教師であることを目指す、それ自体はよい志であろう。しかし、キリスト教の教師は、自分の考えではなく、神の真理を伝える責任があるのだから、その働きで「格別厳しい裁きを受ける」ことは覚えておかなければならない。だから、教える立場に立ったならば、自分を訓練することである。やはり信仰は日常生活に結び付いた実際的なものだからだ。

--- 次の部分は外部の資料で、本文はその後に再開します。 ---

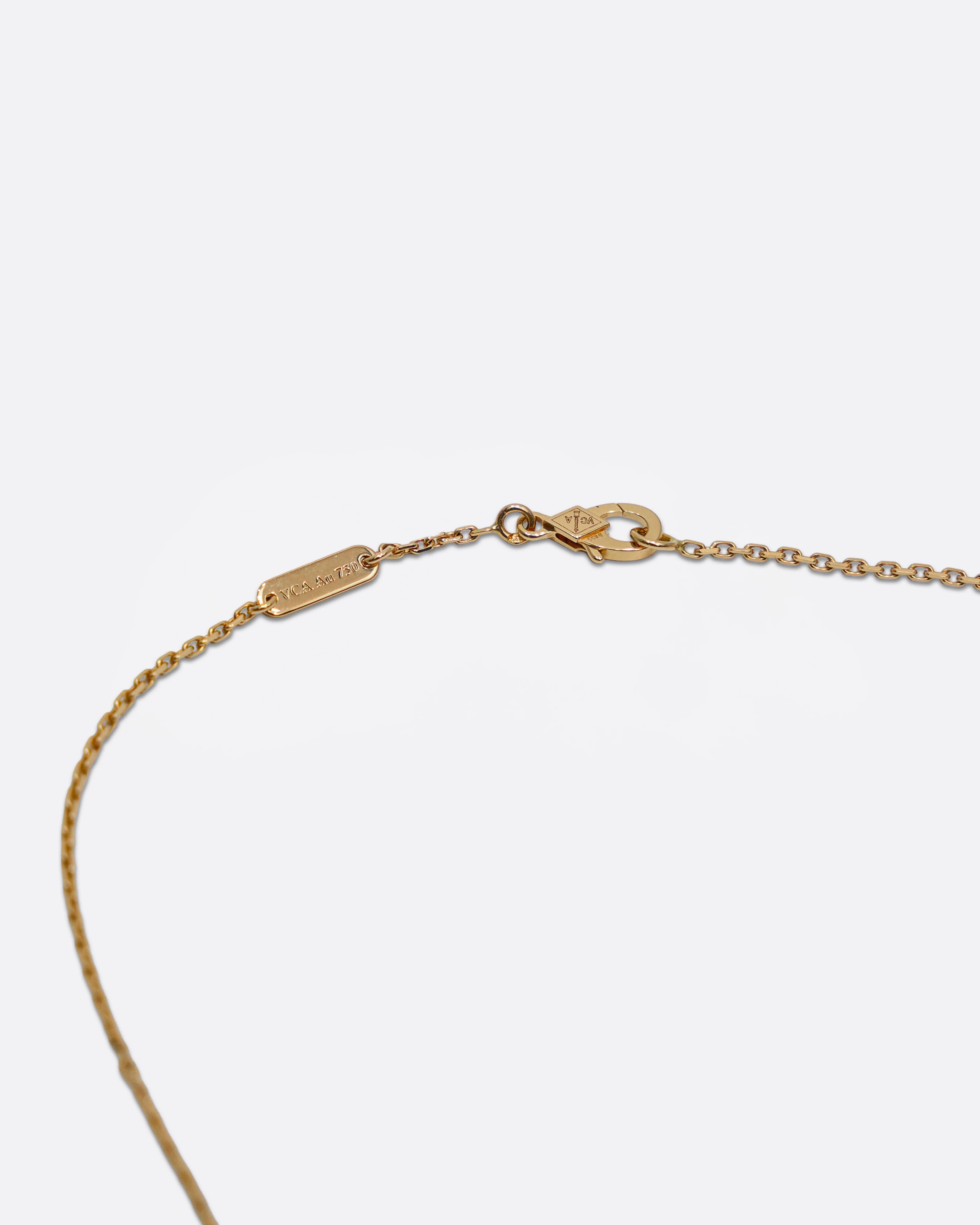 VINTAGE ALHAMBRA MOTHER OF PEARL NECKLACE (2020)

特に意識すべきことは舌である。しかしこれほど、コントロールの難しい筋肉もない。舌を制御する結果は、馬を御することや、船の舵をコントロールすることに等しい。だから、舌による損害は、山火事による損害に等しい結果をもたらすことがある。山火事で波のように広がる炎はとどまるところを知らない。舌は、悪意のある言葉を流し、自分が知らない人や何千キロもはなれている人に対しても、中傷誹謗を流してしまうのである。人間はあらゆる動物を飼い慣らしてきながら、舌だけは制御できていない(8節)。舌の矛盾は、同じ舌でもって神を賛美し、同じ舌を持って呪いを語るところにも明らかで、舌は役に立つものであっても、常にというわけではない。もちろんヤコブは、沈黙は金であると言っているわけでもない。大切なのは、リンゴの木はリンゴの実だけをならせるが、舌は相反する二つの実をならせる事実である。

そもそもの問題は、舌を動かす心にある(16節、マルコ7:20-23、マタイ15:18)。不平、自慢、嘘、偽り、といったことばが出てくるそもそもの源、心が問題なのだ。実際、なぜ私たちが自分を誇るのか、と言えば、それは、心において深い満たしを得ていないからである。どこか人に認められることを求めている。となれば、舌を制するためには、まず神に認められ、神に愛されていることを覚えることが大切なのだ。またどうしてうそ偽りを語るのか。それは、心がごまかしに満ちているからである。しかし隠されることは何一つない、神の前に生きていることを悟ることがその処方である。舌を動かす心を主にあって取り扱われ、真に変えられていくことに、その解決がある。

そこで13節以降は、決して唐突に話題が変わっているのではなく、内側の問題、それが言葉にも、行動にも現れることに注意を向けているのである。結局、心が曲がっていれば、その人の言葉のみならず、行動も生活も同じである。対比されているのは、上から来た知恵と、苦いねたみと敵対心である。キリストにあって救われた私たちは上からの知恵に生きている。もはや古い肉の思いのままに生きているわけではない。ここで言う知恵があるというのは、IQが高いことではない。弁舌が巧みだということとも違う。むしろ真の知恵は第一に純真であり、次に平和、寛容、温順であり、また、あわれみと良い実とに満ち、えこひいきがなく、見せかけのないものである。それは、動機において純粋なのだ。確かに、人間が尊敬を得るのは、その心において純粋な動機を持っているかどうか、どのような心を持って生きているか、に負うところが多い。結局、口先上手な人間はそれとわかるものであって、その人の内側が見られるのである。

確かに、その人の心の中に、平和があり、温順があり、あわれみがあり、えこひいきがなく、なんら見せかけがないならば、人は安心してその人に物事を頼むことができるものだろう。しかしその心に偽りがあり、ねたみがあり、苦々しさがある人にどうして信頼を置くことができるだろうか。そういう意味では、私たちは能力があること以上に、また知識があること以上に、心が純粋であることに最大の知恵を見出さなくてはならない。真にこのような平和で満ちた人々が増やされていくように、神の子が増やされていくようにと祈ることとしよう。